In 1993 I saw Bal Thackeray being interviewed on Zee TV (satellite TV channels had just been introduced in Pakistan). I wish every Pakistani and Indian Muslim had seen that interview. It confirmed what I’ve always known: that Indian Muslims would have been annihilated if India had not been partitioned. When the compere asked him why his party activists had violated the Supreme Court’s order about the Babri Masjid, he said (in Hindi), “The Supreme Court’s order was not to do any construction at the mosque, we didn’t do any construction, we simply did a lot of destruction!” His hatred for Muslims was evident.

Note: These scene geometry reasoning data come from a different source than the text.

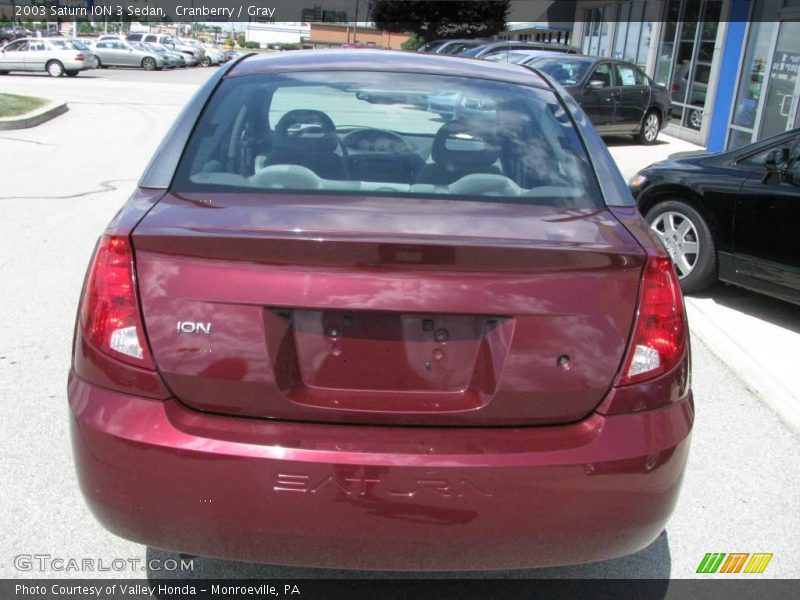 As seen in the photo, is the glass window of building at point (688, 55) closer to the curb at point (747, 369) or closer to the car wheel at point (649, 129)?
the car wheel at point (649, 129)

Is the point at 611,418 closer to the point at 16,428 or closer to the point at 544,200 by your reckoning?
the point at 544,200

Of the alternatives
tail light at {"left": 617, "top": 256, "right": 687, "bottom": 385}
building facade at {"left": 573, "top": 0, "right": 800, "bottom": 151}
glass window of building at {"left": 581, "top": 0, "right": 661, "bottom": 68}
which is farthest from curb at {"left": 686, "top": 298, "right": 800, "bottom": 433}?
glass window of building at {"left": 581, "top": 0, "right": 661, "bottom": 68}

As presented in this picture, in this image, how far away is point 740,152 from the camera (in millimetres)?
6145

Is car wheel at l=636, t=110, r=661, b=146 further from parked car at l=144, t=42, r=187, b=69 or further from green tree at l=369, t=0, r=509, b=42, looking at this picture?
green tree at l=369, t=0, r=509, b=42

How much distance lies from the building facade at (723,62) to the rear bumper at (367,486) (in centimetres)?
1174

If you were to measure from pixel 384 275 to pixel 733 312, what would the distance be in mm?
4636

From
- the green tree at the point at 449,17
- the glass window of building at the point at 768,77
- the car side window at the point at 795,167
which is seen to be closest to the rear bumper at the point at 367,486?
the car side window at the point at 795,167

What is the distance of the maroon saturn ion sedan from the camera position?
2080mm

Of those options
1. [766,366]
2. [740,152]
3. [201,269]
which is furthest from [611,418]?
[740,152]

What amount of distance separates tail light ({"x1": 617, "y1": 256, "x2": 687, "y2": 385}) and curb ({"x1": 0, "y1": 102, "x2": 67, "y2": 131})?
14332mm

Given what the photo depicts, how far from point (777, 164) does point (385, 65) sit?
347 cm

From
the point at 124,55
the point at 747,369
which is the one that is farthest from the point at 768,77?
the point at 124,55

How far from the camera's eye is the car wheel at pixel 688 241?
5.99 metres

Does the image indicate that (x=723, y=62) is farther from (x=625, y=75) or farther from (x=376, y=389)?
(x=376, y=389) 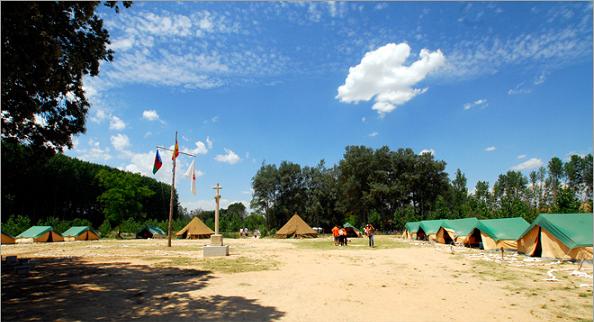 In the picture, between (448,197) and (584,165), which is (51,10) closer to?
(448,197)

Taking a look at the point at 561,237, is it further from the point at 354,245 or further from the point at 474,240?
the point at 354,245

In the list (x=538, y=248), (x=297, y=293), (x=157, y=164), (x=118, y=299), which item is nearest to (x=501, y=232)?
(x=538, y=248)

Now, 16 years later, this demagogue is in the news again, this time for trying to divide India along ethnic and linguistic lines. A Muslim legislator who preferred to take oath in Hindi instead of Marathi was attacked by his activists, and when Sachin Tendulkar said he was an Indian and that Mumbai belonged to all Indians, he faced the wrath of Thackeray. Thackeray said that Sachin had not even been born when the struggle to make Mumbai part of Maharashtra took place. I remember what happened in those days (it must’ve been in the late nineteen fifties). Even in those days, my mother and aunts used to pronounce Bombay as Mumbee. There were riots almost daily in Bombay, and later we heard from one of my uncles that Gujarati college girls had been stripped naked and paraded in the streets. The slogan of the Maharashtrians was “Mumbai humchee!” (Bombay is ours!).

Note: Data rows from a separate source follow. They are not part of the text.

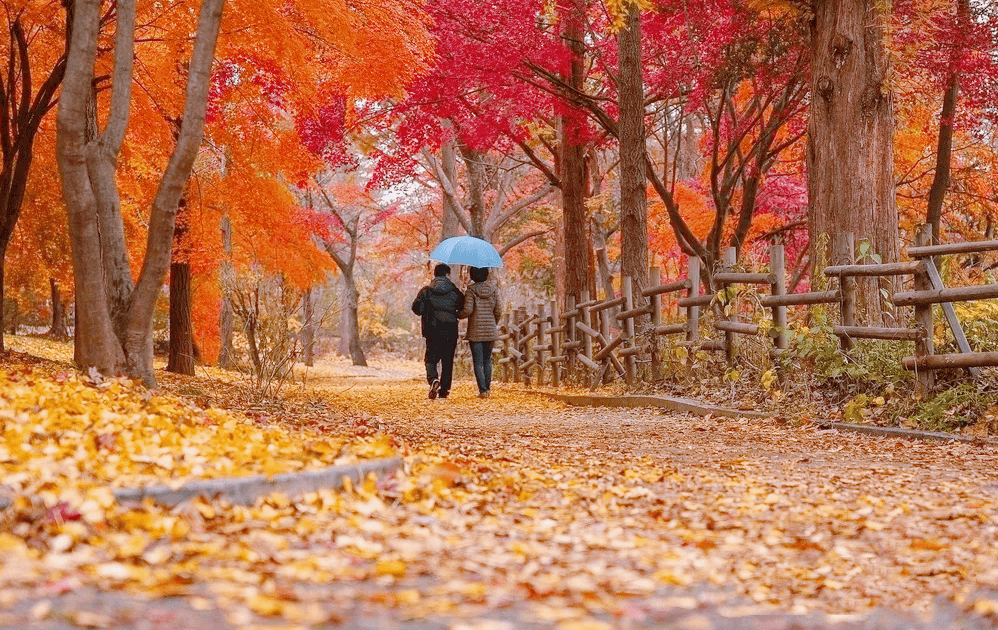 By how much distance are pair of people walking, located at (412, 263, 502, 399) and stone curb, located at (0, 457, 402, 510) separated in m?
8.02

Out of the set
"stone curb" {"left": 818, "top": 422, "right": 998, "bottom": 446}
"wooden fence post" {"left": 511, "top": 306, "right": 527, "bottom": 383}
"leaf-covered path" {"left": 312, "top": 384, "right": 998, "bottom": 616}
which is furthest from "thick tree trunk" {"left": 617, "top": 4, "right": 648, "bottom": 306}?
"wooden fence post" {"left": 511, "top": 306, "right": 527, "bottom": 383}

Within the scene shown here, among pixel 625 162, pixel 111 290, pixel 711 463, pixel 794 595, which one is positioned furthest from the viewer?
pixel 625 162

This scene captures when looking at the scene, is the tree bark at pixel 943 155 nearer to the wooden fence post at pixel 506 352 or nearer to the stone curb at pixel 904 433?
the stone curb at pixel 904 433

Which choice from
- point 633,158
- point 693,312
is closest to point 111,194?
point 693,312

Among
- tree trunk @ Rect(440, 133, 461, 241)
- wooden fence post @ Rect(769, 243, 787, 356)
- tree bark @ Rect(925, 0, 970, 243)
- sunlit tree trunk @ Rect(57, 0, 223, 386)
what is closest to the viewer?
sunlit tree trunk @ Rect(57, 0, 223, 386)

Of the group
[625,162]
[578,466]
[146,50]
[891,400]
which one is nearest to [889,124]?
[891,400]

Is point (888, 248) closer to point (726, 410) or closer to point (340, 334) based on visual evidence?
point (726, 410)

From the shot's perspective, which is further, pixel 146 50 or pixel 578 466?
pixel 146 50

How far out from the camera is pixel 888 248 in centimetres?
855

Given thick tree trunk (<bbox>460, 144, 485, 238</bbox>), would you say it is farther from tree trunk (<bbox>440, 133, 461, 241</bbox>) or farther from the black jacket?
the black jacket

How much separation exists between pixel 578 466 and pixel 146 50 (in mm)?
9386

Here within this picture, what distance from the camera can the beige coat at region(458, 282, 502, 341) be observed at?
12.2 metres

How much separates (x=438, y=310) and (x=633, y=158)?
293 cm

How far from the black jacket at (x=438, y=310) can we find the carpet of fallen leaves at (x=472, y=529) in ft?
20.5
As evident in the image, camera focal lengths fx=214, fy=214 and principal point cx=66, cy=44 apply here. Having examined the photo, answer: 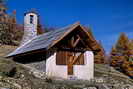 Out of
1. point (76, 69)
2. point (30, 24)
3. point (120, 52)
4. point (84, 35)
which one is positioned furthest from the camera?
point (120, 52)

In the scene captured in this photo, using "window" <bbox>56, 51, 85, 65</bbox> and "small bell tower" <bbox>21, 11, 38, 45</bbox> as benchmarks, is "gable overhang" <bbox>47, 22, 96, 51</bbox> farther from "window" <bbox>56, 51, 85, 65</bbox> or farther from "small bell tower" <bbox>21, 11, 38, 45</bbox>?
"small bell tower" <bbox>21, 11, 38, 45</bbox>

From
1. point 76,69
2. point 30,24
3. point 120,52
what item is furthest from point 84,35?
point 120,52

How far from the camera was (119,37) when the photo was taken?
184ft

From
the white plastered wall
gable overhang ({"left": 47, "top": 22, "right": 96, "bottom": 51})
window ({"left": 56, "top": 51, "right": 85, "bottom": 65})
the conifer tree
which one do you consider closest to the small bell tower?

Ultimately of course Maharashtra got Bombay (after much bloodshed) and the Shiv Sena managed to get it renamed as Mumbai a few years back. It should be interesting to see what happens now. The Shiv Sena did poorly in the recent elections, which may have been one of the reasons why Thackeray suddenly decided to foment trouble along linguistic lines. He apparently knows that language is a divisive factor: one of the reasons for Pakistan’s disintegration in 1971 was the feeling among Bengalis that their language was not being given due importance.